Like most Midwest courses, TPC Deere Run received far more rain this spring than history says should fall around the Great Lakes as the calendar turns toward April and May, inch after inch pouring down on its 385 acres. Unlike most courses across the Midwest, TPC Deere Run still needed to open its gates for the crowds and cameras that accompany a summer PGA Tour event.
How to prepare an expansive property for a weeklong television showcase when rain relegates you to the cart path? Ask Alex Stuedemann, the veteran director of golf course maintenance operations now in his sixth year back in the Quad Cities after TPC stints in Minnesota and Texas.
The course received 13 inches of rain from April 13 to May 12, he says, “and it just kept stacking, stacking, stacking on top of a very snowy winter — it was the second- or third-snowiest on record for the Quad Cities — so the soil was already charged and now we had all this rain.”

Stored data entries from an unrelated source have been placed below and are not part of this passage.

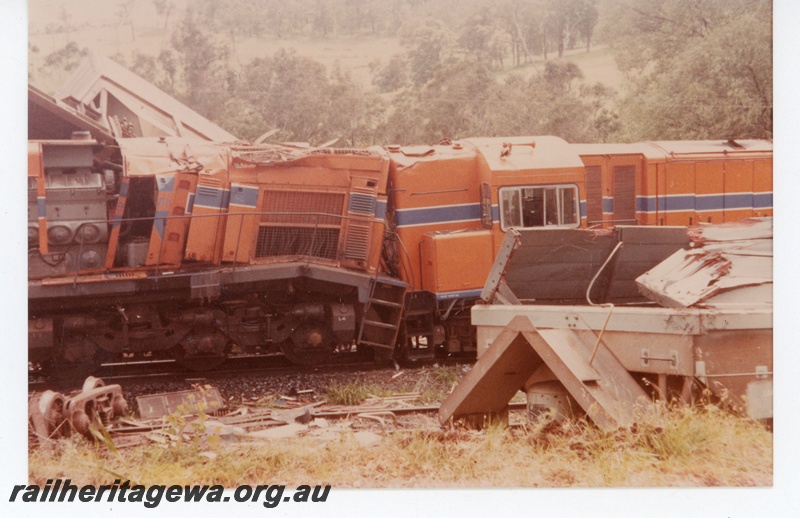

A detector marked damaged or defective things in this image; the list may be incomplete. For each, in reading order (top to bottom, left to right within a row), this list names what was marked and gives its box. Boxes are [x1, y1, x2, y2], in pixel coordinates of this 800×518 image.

crashed diesel locomotive [28, 135, 772, 374]
shattered window frame [496, 184, 580, 231]
detached train wheel [170, 332, 228, 372]
detached train wheel [282, 328, 334, 368]
broken timber [438, 316, 648, 430]
damaged freight wagon [440, 219, 772, 430]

The rain never relented. “It was just so continuous,” Stuedemann says. “It wasn’t like we were getting blown out. The bunkers were fine, and for the most part, the golf course maintained its integrity, we just couldn’t get on it.”
Golfers were permitted to drive off the path just four days during May. More important for the tournament ahead, Stuedemann and his crew of 25 mowed fairways only two or three times during the month and were unable to mow the rough even once. A fleet that includes 109 pieces of John Deere equipment remained in park.
“We were picking our battles,” Stuedemann says. “What was imperative to be done prior to the event? What were the things that we might see but the professional golfer or the spectator coming out here wouldn’t know the difference? Those are tough choices to make, because it’s kind of a bug in your craw, not having something done, even though in your eyes almost everybody else can’t see it.”